**What the task asks:**
Pictures should be left out when the listing below is repeated word for word.

**Stored data:**
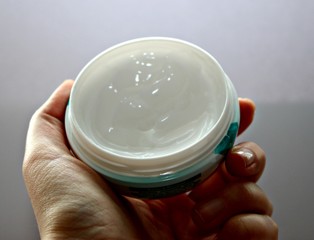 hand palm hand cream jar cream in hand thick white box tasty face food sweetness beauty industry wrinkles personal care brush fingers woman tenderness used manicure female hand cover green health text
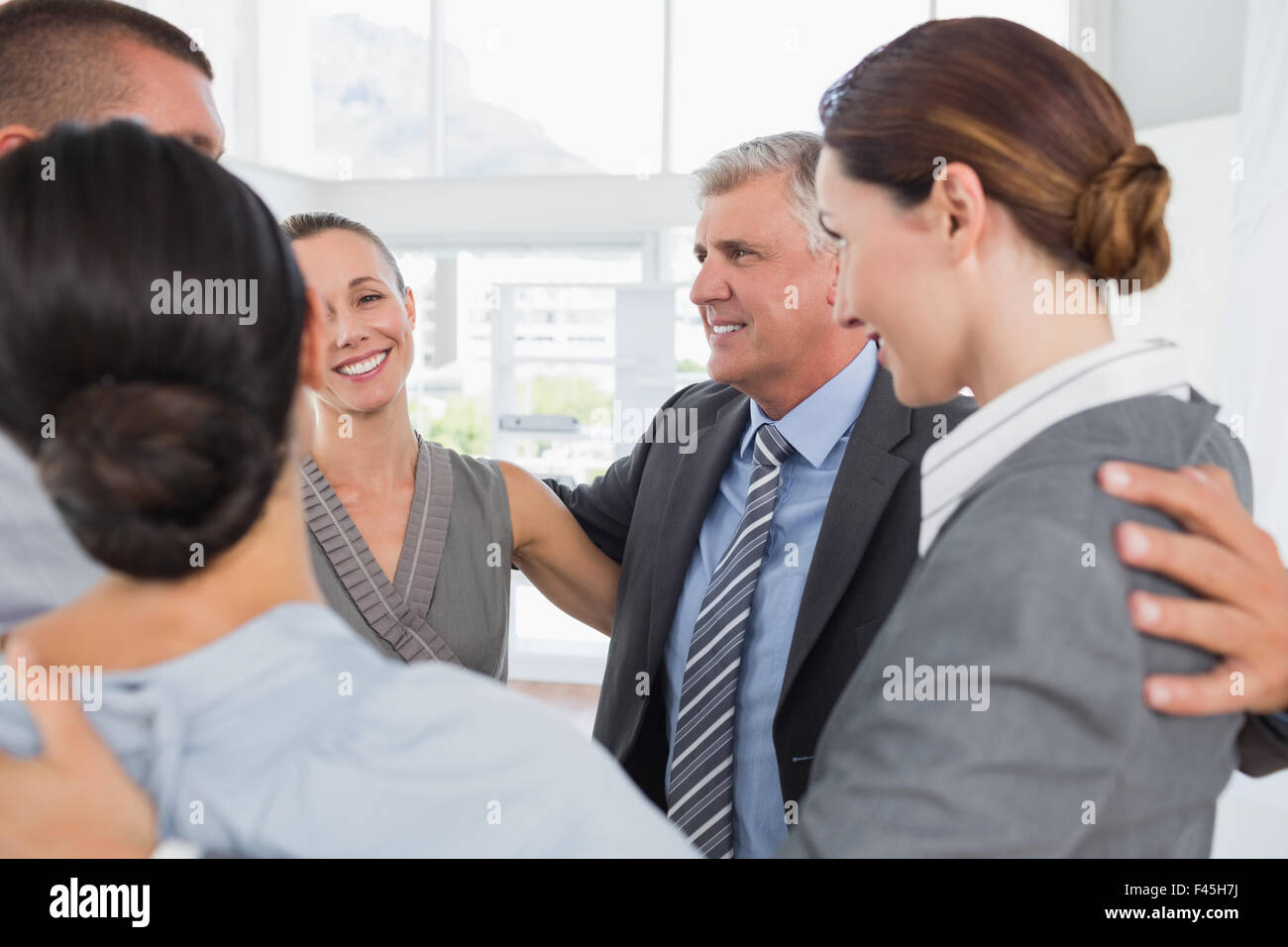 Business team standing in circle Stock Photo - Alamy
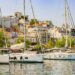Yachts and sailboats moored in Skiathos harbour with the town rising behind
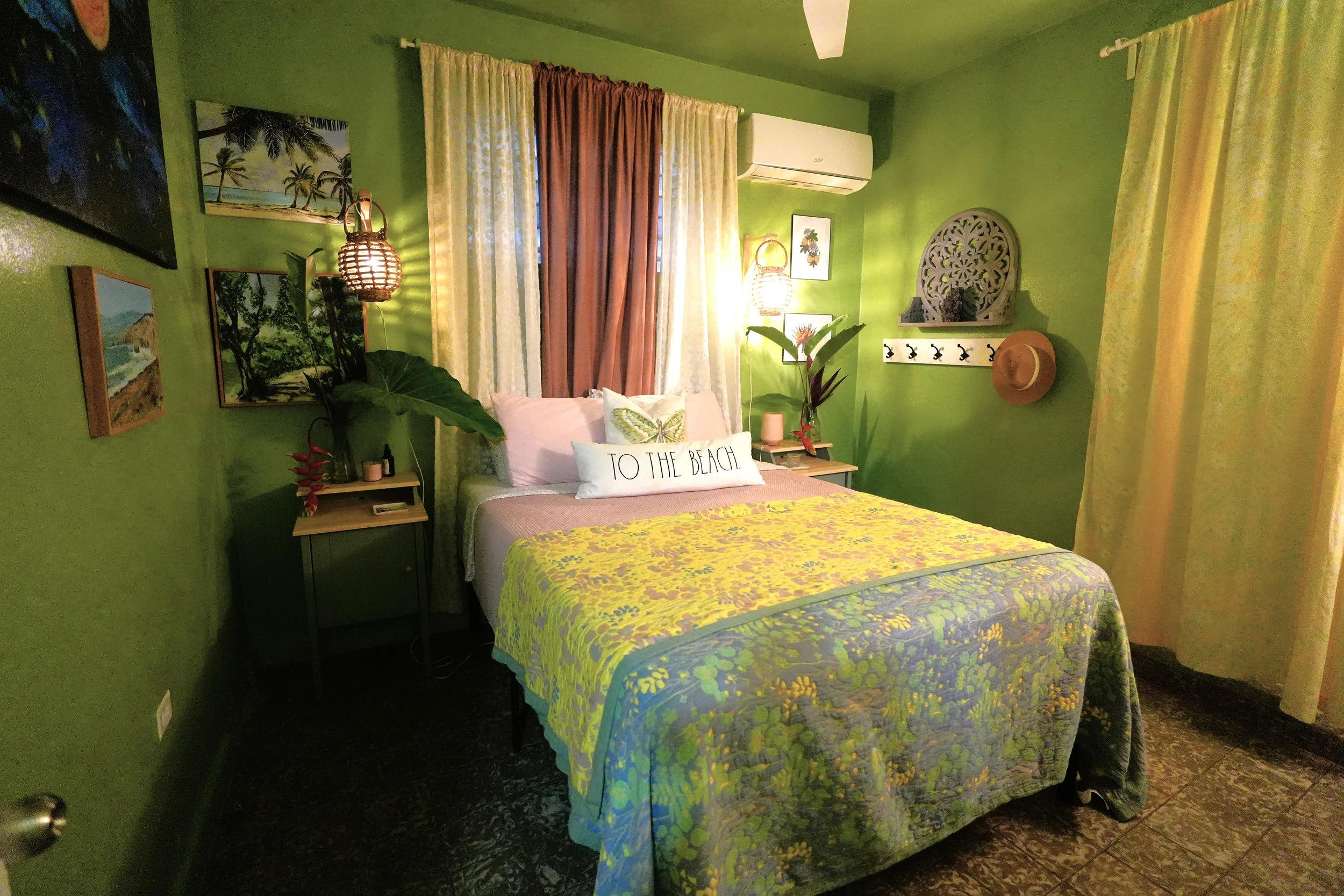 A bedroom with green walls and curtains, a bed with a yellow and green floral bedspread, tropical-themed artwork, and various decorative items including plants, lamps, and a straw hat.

**Exercise answer:**
 hand palm hand cream jar cream in hand thick white box tasty face food sweetness beauty industry wrinkles personal care brush fingers woman tenderness used manicure female hand cover green health text
 Business team standing in circle Stock Photo - Alamy
Yachts and sailboats moored in Skiathos harbour with the town rising behind
 A bedroom with green walls and curtains, a bed with a yellow and green floral bedspread, tropical-themed artwork, and various decorative items including plants, lamps, and a straw hat.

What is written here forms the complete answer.